Ontario Labour Relations Board
[1987] OLRB Rep. January 12
0923-80-R United Food & Commercial Workers International Union, Local 175, Applicant, v. Ault Foods Limited, Respondent
BEFORE: R. 0. MacDowell, Vice-Chairman, and Board Members David Patterson and Judith Rundle.
DECISION OF THE BOARD; January 22, 1987
On December 29, 1986, the Minister of Labour received a letter from the Personnel and Industrial Relations Manager of Catelli Inc., to which was attached a joint application requesting a change of the name on an Ontario Labour Relations Board certificate issued on September 8, 1980. That certificate affirmed the union's bargaining rights for a unit of employees then working for Ault Foods Limited, "Catelli Division", at its warehouse operation in Brampton, Ontario. It was said that on May 24, 1986, the employer's corporate name had been changed from Ault Foods Limited, to Catelli Inc. The parties requested the Minister to amend the certificate accordingly. The Minister referred the matter to this Board, and we shall treat it as a request made pursuant to section 106(1) of the Labour Relations Act to amend the certificate granted on September 8, 1980; however, for the reasons set out below, it is our opinion, that the request for reconsideration is without merit and (on the basis of the material before us) unnecessary.

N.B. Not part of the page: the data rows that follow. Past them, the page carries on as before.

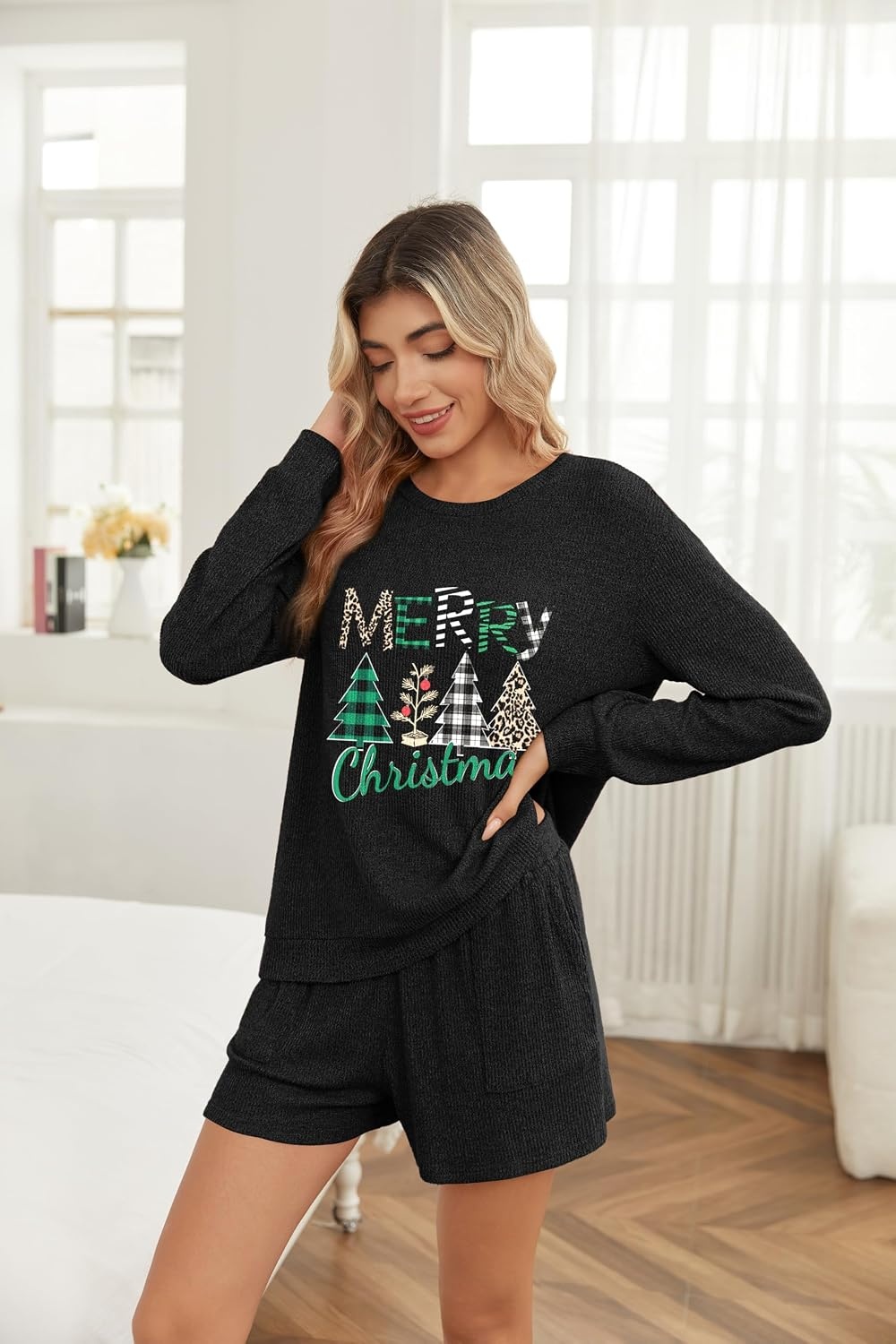 image:imageEkouaer Womens Pajama Sets Long Sleeve Top amp Shorts Matching Lounge Set Fall Outfits 2026 2 Piece Loungewear Stretchy Ribbed Fuzzy Sleepwear Suitable Cozy Home Wear Travel Vacation AirportBlack Christmas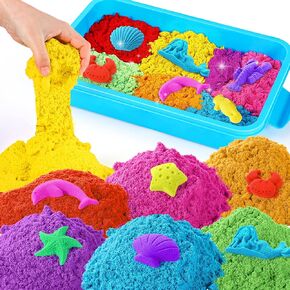 Play Sand with Sensory Bin Toy for Kids, 8 lb of 7 Colored Bulk Magic Sand with Sandbox for Toddlers, Sensory Sand Kit for Boys and Girls Age 3-8 (Blue)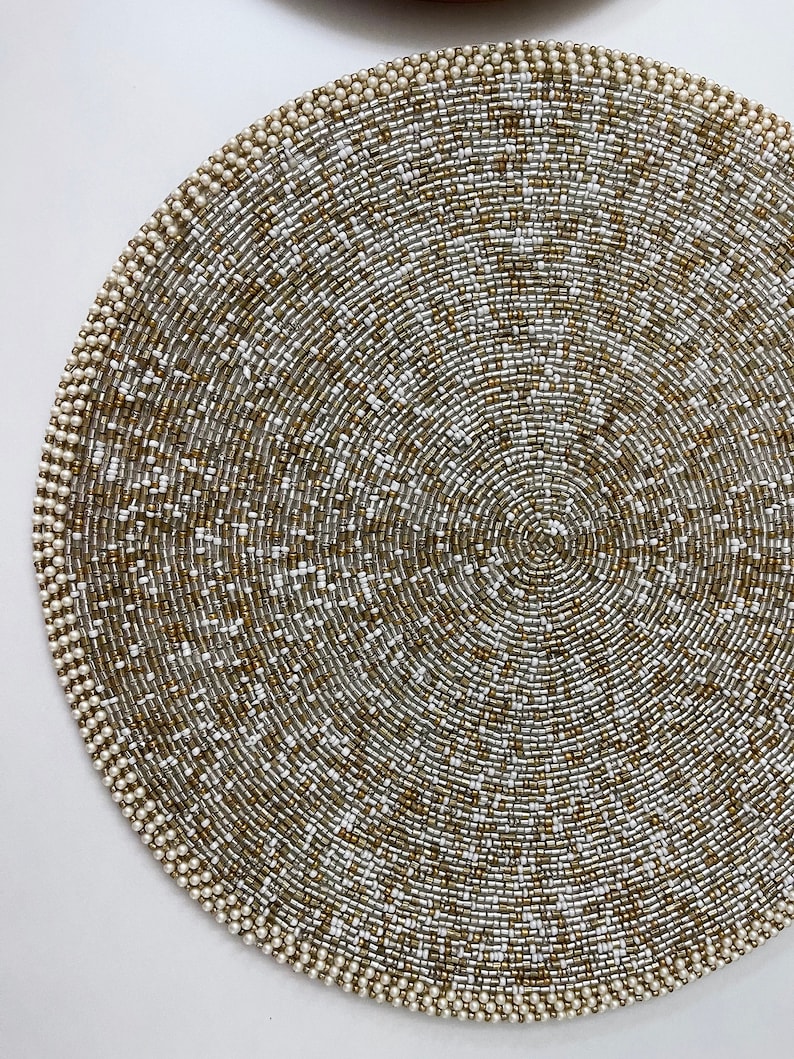 Handmade Beaded Placemat Beaded Table Mat Gold and Silver Etsy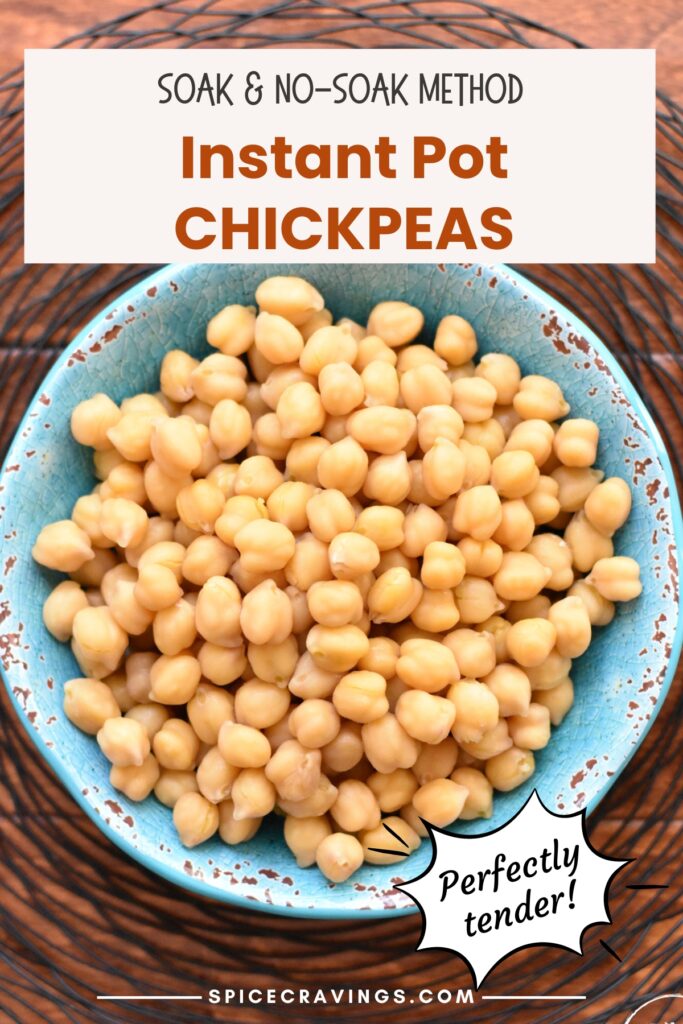 Cooked chickpeas in a blue bowl
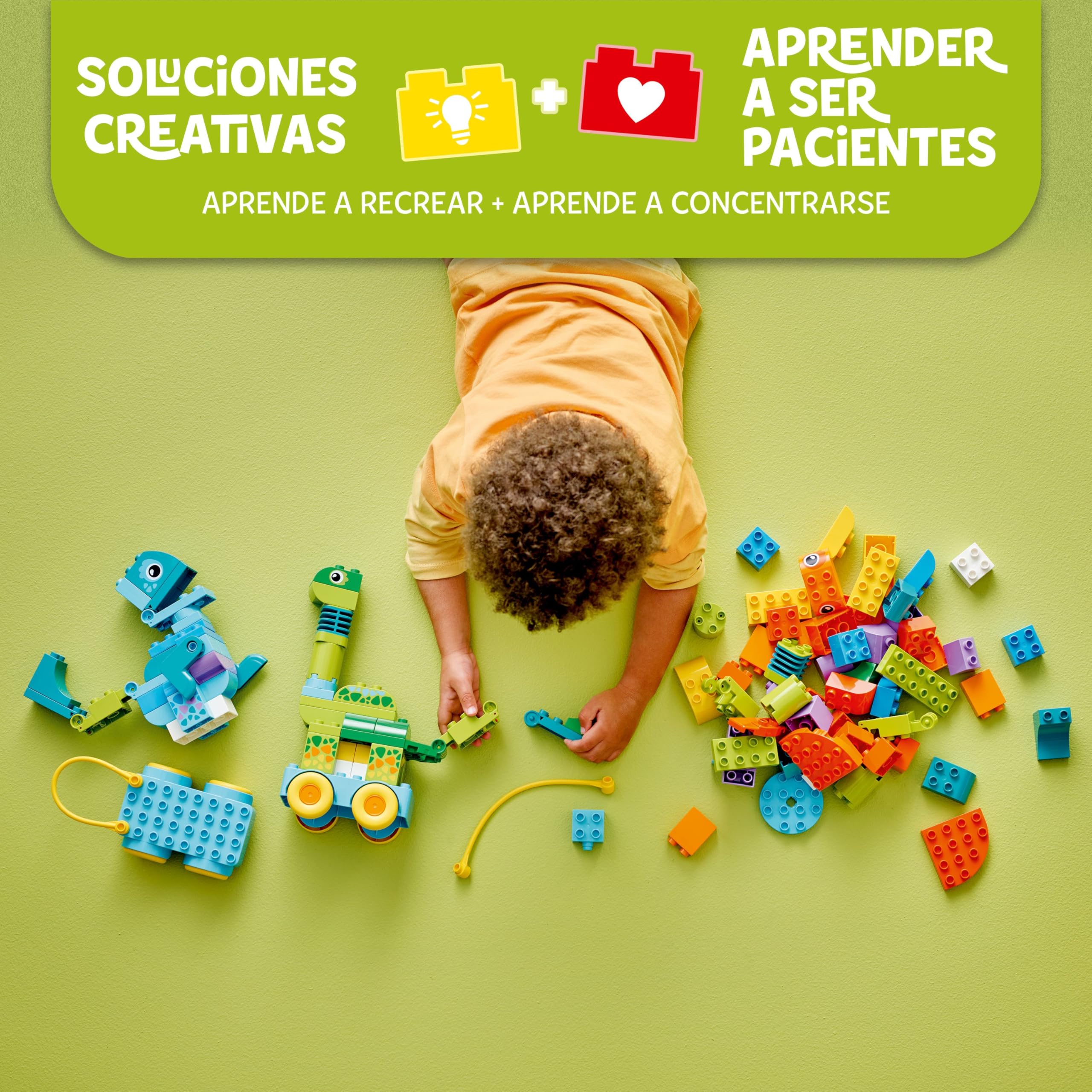 LEGO Duplo Dinosaurios sobre Ruedas 3en1 - Juguete Educativo para Niños y Niñas de 3+ Años - Figuras de Dinosaurios: Diplodocus y Tiranosaurio Rex, Triceratops y Stegosaurus o Pteranodon 10451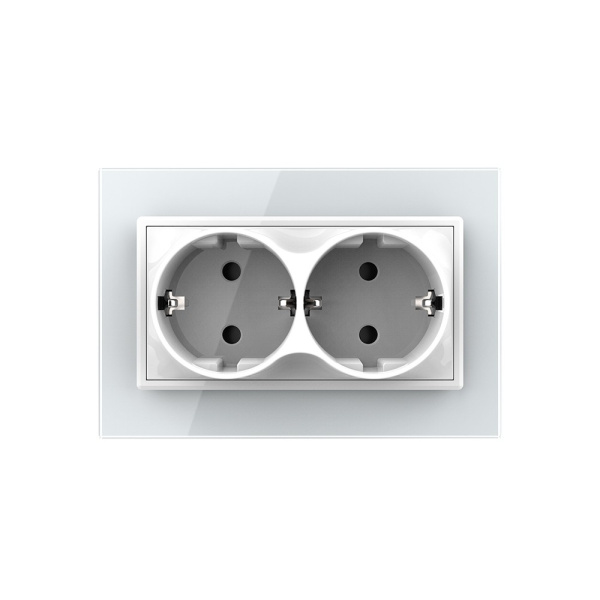 Розетка Livolo электрическая двойная 1 пост с заземлением, рамкой, защитными шторками 16A, цвет белый VL-C7CTF16A.TF16A-WP Розетка Livolo электрическая двойная 1 пост с заземлением, рамкой, защитными шторками 16A, цвет белый VL-C7CTF16A.TF16A-WP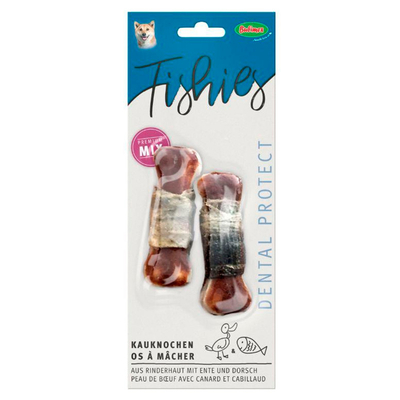 Лакомство жевательные Bubimex Fishies Knotted Chewing Bones with Fish and Duck крученые кости с уткой и треской для собак, 90 г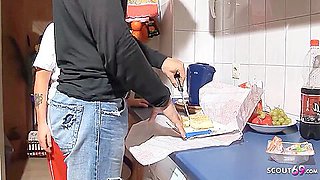 German Mature Step Mom Seduce Her Step Son To Fuck In The Kitchen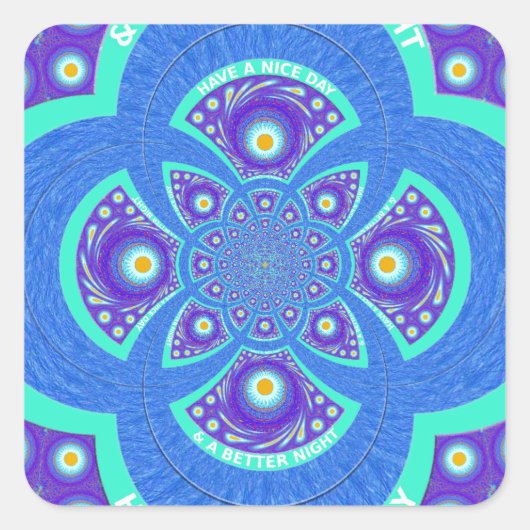 Mooi Afrikaans Blauw Mandala Flora ontwerp Vierkante Sticker (Voorkant)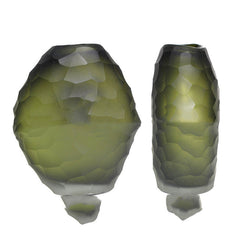 Irregularly Carved Ground Glass Vase Soft Decoration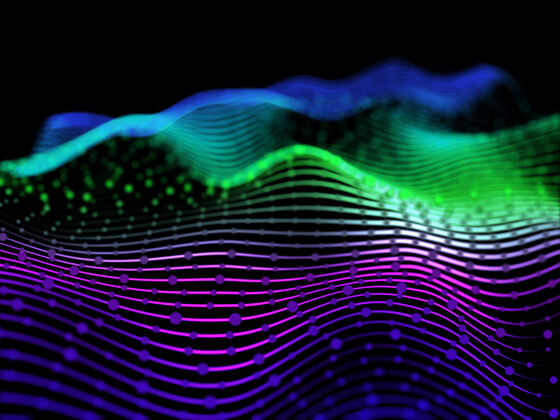 连接一个抽象的三维渲染与流动的线条和粒子粒子流技术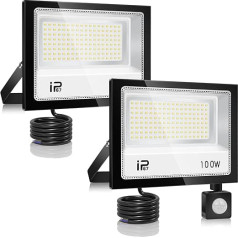 YZYFACAI 100 W LED Spotlight with Motion Sensor Outdoor 2 Pieces, Super Bright 10000 LM LED Headlight, 7000 K Cool White Spotlight, IP67 Waterproof Outdoor Spotlight, for Backyard, Courtyard,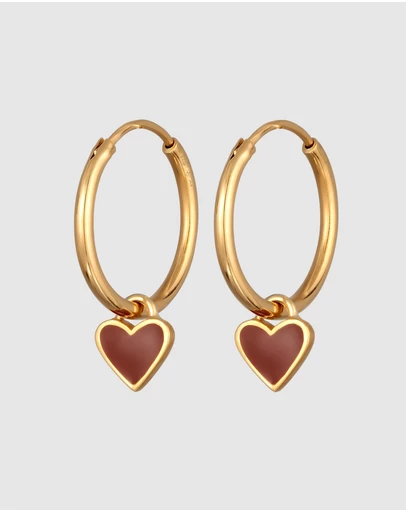Elli Jewelry - Red Heart Charm Hoop Earrings in Gold-Plated 925 Silver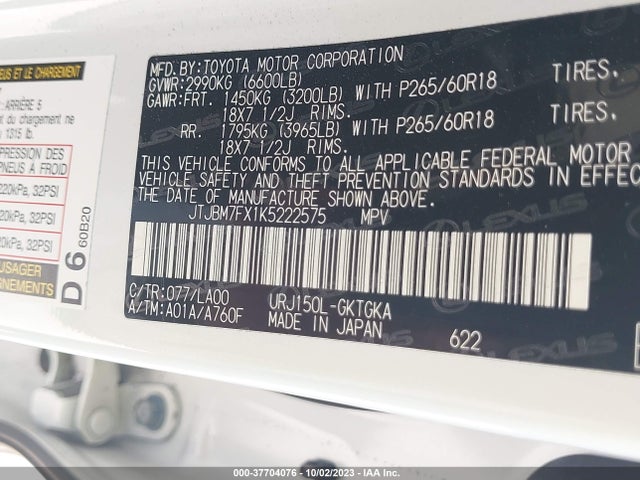 JTJBM7FX1K5222575 Lexus Gx Gx 460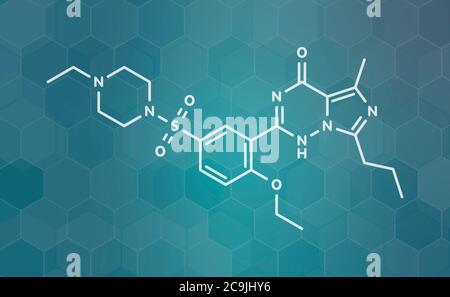 Molécule de médicament anticoagulant de warfarine. Utilisé dans la prévention de la thrombose et de la thromboembolie. Formule blanche du squelette sur fond de gradient sarcelle foncé avec Banque D'Images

A Board certificate defines the initial scope of the union's bargaining rights, requires the employer to recognize the union for that bargaining unit, and gives the union a 'licence' to commence negotiations. However, once those negotiations have produced a collective agreement, it is that collective agreement (and in particular its "scope clause") which defines the parties and the extent of the union's bargaining rights. As the Board observed in Gilbarco [1971] OLRB Rep. March 155:
...The parties are free to amend, alter, extend or abridge the bargaining rights contained in the certificate. Where bargaining rights in a collective agreement are not as extensive as those contained in a certificate, then that is prima facie evidence of the abandonment of that portion of the bargaining rights contained in the certificate but not contained in the collective agreement. in effect~ the collective agreement supplants the rights given by the Board's certificate and the Board's certificate is spent once the collective agreement is signed. Or to put it another way, the best evidence of the bargaining rights extant are those contained in the collective agreement. In the same way as bargaining rights in a collective agreement supplant rights contained in a certificate, so too bargaining rights in subsequent collective agreements may supplant bargaining rights contained in prior collective agreements."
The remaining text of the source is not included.